> What you have to do
Write out the data below in full, please. Keep every character as given.
====== Supplied records
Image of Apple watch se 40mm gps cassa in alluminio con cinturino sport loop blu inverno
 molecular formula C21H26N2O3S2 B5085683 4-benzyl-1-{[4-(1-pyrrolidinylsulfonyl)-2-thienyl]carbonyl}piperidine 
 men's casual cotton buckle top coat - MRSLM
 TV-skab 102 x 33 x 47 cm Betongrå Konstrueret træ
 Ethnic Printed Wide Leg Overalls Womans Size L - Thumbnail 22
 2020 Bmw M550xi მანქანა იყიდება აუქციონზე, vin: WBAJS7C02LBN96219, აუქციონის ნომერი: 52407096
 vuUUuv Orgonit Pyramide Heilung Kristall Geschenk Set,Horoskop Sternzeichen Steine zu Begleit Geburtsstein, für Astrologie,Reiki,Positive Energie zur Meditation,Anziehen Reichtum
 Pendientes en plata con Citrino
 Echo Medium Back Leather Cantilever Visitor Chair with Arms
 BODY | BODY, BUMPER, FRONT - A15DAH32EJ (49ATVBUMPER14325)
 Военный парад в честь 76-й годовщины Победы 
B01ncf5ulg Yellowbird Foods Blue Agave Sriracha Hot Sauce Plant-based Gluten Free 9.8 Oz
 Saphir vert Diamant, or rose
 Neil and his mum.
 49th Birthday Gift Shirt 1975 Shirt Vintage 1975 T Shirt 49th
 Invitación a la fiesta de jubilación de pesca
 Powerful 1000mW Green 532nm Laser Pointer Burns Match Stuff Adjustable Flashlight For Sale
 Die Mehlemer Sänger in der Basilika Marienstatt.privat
============
> Task response
Image of Apple watch se 40mm gps cassa in alluminio con cinturino sport loop blu inverno
 molecular formula C21H26N2O3S2 B5085683 4-benzyl-1-{[4-(1-pyrrolidinylsulfonyl)-2-thienyl]carbonyl}piperidine 
 men's casual cotton buckle top coat - MRSLM
 TV-skab 102 x 33 x 47 cm Betongrå Konstrueret træ
 Ethnic Printed Wide Leg Overalls Womans Size L - Thumbnail 22
 2020 Bmw M550xi მანქანა იყიდება აუქციონზე, vin: WBAJS7C02LBN96219, აუქციონის ნომერი: 52407096
 vuUUuv Orgonit Pyramide Heilung Kristall Geschenk Set,Horoskop Sternzeichen Steine zu Begleit Geburtsstein, für Astrologie,Reiki,Positive Energie zur Meditation,Anziehen Reichtum
 Pendientes en plata con Citrino
 Echo Medium Back Leather Cantilever Visitor Chair with Arms
 BODY | BODY, BUMPER, FRONT - A15DAH32EJ (49ATVBUMPER14325)
 Военный парад в честь 76-й годовщины Победы 
B01ncf5ulg Yellowbird Foods Blue Agave Sriracha Hot Sauce Plant-based Gluten Free 9.8 Oz
 Saphir vert Diamant, or rose
 Neil and his mum.
 49th Birthday Gift Shirt 1975 Shirt Vintage 1975 T Shirt 49th
 Invitación a la fiesta de jubilación de pesca
 Powerful 1000mW Green 532nm Laser Pointer Burns Match Stuff Adjustable Flashlight For Sale
 Die Mehlemer Sänger in der Basilika Marienstatt.privat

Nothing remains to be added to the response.